It sounds like you are more interested in the history of the disease than the facts about the disease process. HHT used to be called Osler-Weber-Rendu, named after three different physicians who each played an important role in our current understanding of the disease.
- Earliest descriptions of the disease: The disorder was first described by Dr. Henry Gawen Sutton in 1864; in 1865, Dr. Benjamin Guy Babington published a description of epistaxis (nosebleeds) in five generations of one family, and Dr. John Wickham Legg described the disease in 1876.
- DR. RENDU: The condition was first differentiated from hemophilia by Dr. Henri Jules Louis Marie Rendu in 1896, who published a report of a 52-year-old man with recurrent epistaxis. He noted telangiectases on the man's face and trunk and on his lips, tongue, and soft palate and speculated that his epistaxis resulted from lesions in the nose. Dr. Rendu noted that the patient's mother and brother had also had copious epistaxis.
- DR. OSLER: Dr. William Osler's description in 1901, in which he credited Dr. Rendu's report, established the condition as an inherited disorder: "In the three cases here described, two belonged to a family in which epistaxis had occurred in seven members. Both of my patients had had bleeding at the nose from childhood, and both presented numerous punctiform angiomata on the skin of the face and of the mucous membrane of the nose, lips, cheeks and tongue. The third patient had suffered in an unusual degree from recurring epistaxis, and the telangiectases were most abundant over the body, and very numerous also on the mucous membranes. The condition has nothing to do with haemophilia, with which the cases had been confounded." In the autopsy of a man who died of gastric cancer, Dr. Osler noted that the viscera could be affected: "In the stomach there were a dozen round foci, each 3 to 4 mm in size, which at first looked like ecchymoses but were dilated venules and capillaries."
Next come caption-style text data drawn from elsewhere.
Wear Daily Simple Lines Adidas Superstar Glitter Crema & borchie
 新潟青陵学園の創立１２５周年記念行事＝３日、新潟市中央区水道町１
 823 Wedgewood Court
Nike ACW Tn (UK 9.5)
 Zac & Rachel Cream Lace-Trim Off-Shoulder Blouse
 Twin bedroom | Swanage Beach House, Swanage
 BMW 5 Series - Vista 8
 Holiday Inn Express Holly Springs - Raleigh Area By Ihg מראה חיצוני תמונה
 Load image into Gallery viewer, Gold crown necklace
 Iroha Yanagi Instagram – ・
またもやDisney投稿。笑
- DR. WEBER: Dr. Frederick Parkes Weber followed in 1907 with a clinical description in a report of a series of cases. He invited Dr. Osler to see his patient. Dr. Weber wrote: "On the fingers, and notably under the fingernails, there are several minute (pin-point) red angiomata, which I had not observed until Professor W Osler, when he recently saw the patient, kindly drew my attention to them".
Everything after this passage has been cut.